The catastrophe of 2003 was about many things, certainly biblical authority and sexual ethics. But it was also about church authority and communion. What disappointed me most about the Episcopal Church was its flaunting of the explicit and clear decisions of 1998 Lambeth regarding human sexuality. In short, TEC was being schismatic! And many members of my Episcopal parish, I discovered, could care less, saying it was none of the Communion’s business how we ran our affairs.
Well, I cared a great deal, so naturally, I wanted nothing to do with such a church, and eventually off I went, looking for an Anglican body that would abide by the letter of the Lambeth law and preserve communion with the worldwide church. I knew things would be messy for a few years, but I was optimistic that eventually conservatives in AMIA, CANA etc. would prevail in this sense: We would be recognized by the communion and by history as having done the right thing.
Today, I am unsure that this will happen, but stranger things have occurred in church history. But I am sure of this: the motives for my reaction and that of many conservatives have now been exposed for what they are. That occurred when the nine AMIA bishops recently resigned from Rwanda oversight. When I read about this, I was stunned and angry. When I discovered that the oversight we had was really no oversight, that we in AMIA had essentially been free-lancing for years—well, I was more angry still. Why? Because I joined AMIA to avoid schism, and here we were practicing schism!
And why did that particular sin make me angry? Because I see myself as a person who is not a schismatic, not like those other sinners. I have made my church choices based on righteous criteria! In short my identity as an Anglican is very much wrapped up in my self-justifying efforts. I want to be in a morally superior institution. That makes me feel good about myself. To call a thing what it is: That’s self-justification, or self-righteousness.

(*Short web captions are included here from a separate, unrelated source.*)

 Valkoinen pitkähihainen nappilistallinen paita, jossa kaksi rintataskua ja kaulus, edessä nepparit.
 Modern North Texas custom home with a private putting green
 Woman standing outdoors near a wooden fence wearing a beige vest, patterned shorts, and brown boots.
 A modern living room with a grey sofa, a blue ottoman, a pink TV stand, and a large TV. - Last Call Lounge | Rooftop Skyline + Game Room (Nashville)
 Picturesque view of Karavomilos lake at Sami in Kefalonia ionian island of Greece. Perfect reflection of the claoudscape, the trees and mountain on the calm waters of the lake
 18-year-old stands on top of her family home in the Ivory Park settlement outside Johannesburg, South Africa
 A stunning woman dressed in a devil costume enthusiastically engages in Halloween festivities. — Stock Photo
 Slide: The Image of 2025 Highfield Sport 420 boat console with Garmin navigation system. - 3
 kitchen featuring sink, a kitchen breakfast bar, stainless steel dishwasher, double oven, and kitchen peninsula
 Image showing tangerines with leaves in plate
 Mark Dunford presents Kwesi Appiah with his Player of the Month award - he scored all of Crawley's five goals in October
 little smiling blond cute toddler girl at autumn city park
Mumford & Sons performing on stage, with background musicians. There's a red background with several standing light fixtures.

Any one familiar with my writings can see that this sin is compounded by hypocrisy, because one of my big themes is that we are called to live graciously in a sinful church. The church of course is also justified, but not by its moral purity and theological integrity or because it has proper standing with a bishop, but only because of the death and resurrection of Jesus Christ. Among the many sins churches traffic in is schism. To live in a sinful but justified church means living in a schismatic church.
We’re not given to admitting such, of course, but the Anglican communion as a whole is a schismatic church. We rejected Catholicism for no good theological reason other than to justify a divorce and remarriage of a king. We have striven mightily to build up a rather impressive theology that has, yes, attempted to justify our separate existence, showing the unique things we now bring to the table of Christendom. There is much that right and true and wise in Anglican theology and liturgy (the Lord uses all sorts of things, even schism, to lead us into all truth). But the plain fact is that schism is at the heart of our identity.

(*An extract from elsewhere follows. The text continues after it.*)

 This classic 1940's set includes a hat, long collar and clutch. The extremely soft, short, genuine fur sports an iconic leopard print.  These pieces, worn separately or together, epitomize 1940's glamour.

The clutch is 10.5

In this, we certainly are no different than Protestantism as a whole—though we like to imagine that Anglicanism is a noble third way! And lo and behold, things don’t stand much better with Catholicism and Orthodoxy, who in 1054 mutually excommunicated one another, committing bilateral schism. In other words, every Christian communion on the planet is living in a state of schism regarding another Christian communion. There is no communion that can justify its current existence based on the purity of its theology or ecclesial practice. We’re all sinners–and all justified by Christ.
Because we are justified by Christ and not the purity of our ecclesial actions, we have the freedom to call a thing what it is. New expressions of schism should be called such, and be repented of as soon as possible. We in AMIA are still called to act as faithfully as we know how in this situation, which means arranging our ecclesiastical connections in ways we believe will be most fruitful for our churches and for the witness of the gospel.

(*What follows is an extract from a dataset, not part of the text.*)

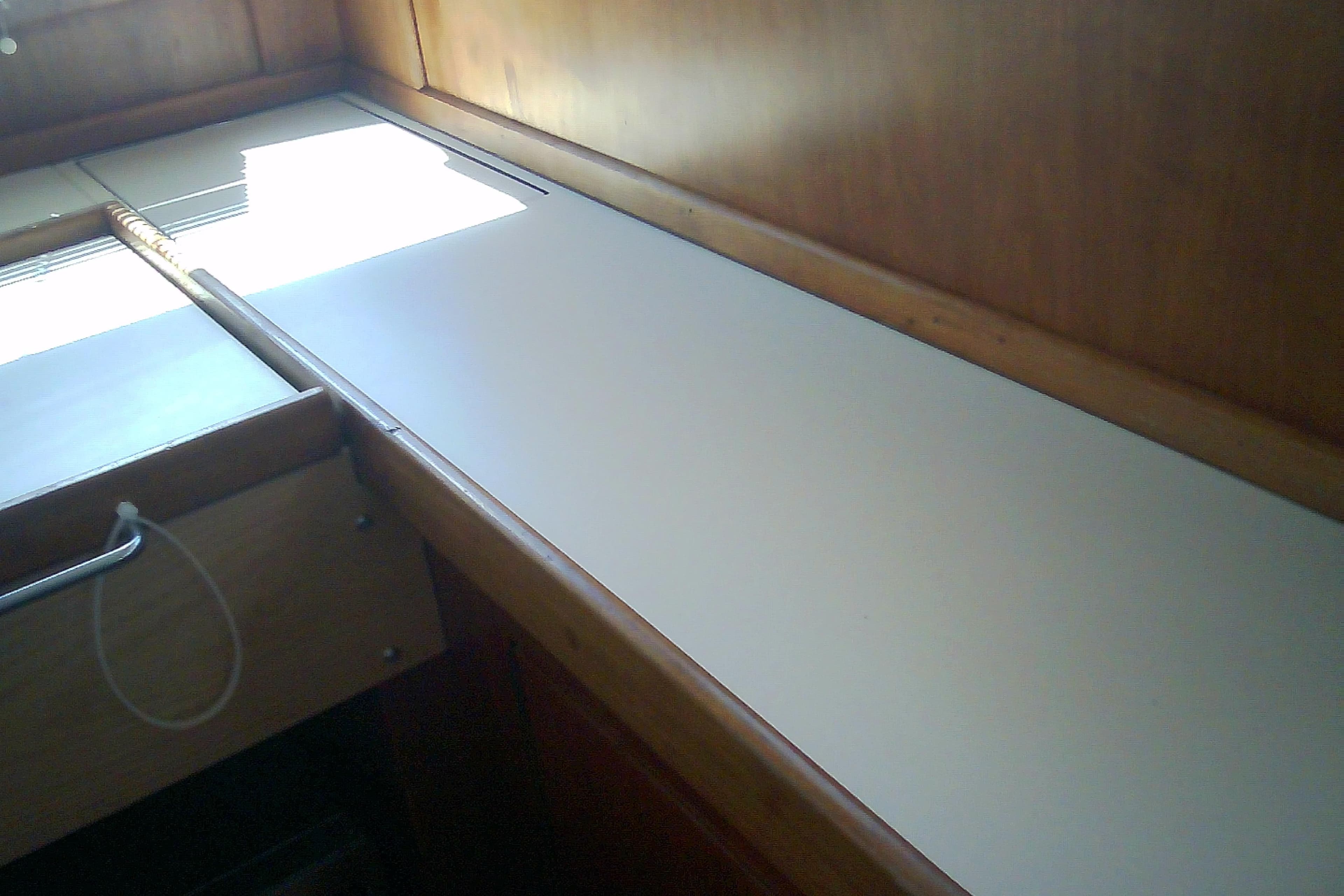 Interior view of a 1999 Sabre 34 sailboat, featuring a wooden cabin and countertop.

But let us not kid ourselves. To come under a “recognized authority” is still to come under an authority that is historically complicit in one schism or another. To do so as an attempt to justify our existence is foolish, for there is nothing we can do to justify our existence. Jesus has already done that.
Furthermore, to distance oneself from schismatics is, in the end, to distance oneself from sinners. Schismatics are usually fellow believers (unless they’ve become heretics as well), the only difference is that they are sinning in a public way. Who among us has not at some point wished to chuck the communion and go it alone? If Jesus is right, to lust after separation with the heart is to commit schism in essence. We are all schismatics, I’m afraid.
Again, that is not a call for ecclesiastical indifference but only a call for a little more self-awareness and humility. Certainly, these are not traits I have been exhibiting lately, and my only excuse is that it is just so much more fun to be self-righteous!
The sins of schism, self-righteousness, and self-justifying behavior will be with us always, even to the end of this age. In fact, the church is already one, as Ephesians teaches (Jesus having broken down the wall of hostility) and the creeds affirm (“one, holy, catholic, and apostolic church”). Jesus’ work is indeed finished, as he said. But we live between the time when the work is finished and the time when the work becomes manifest. In the meantime, I believe we are called to humbly bear the suffering that such sins bring upon us, and yet do so in joy, knowing the forgiveness that is ours in Christ.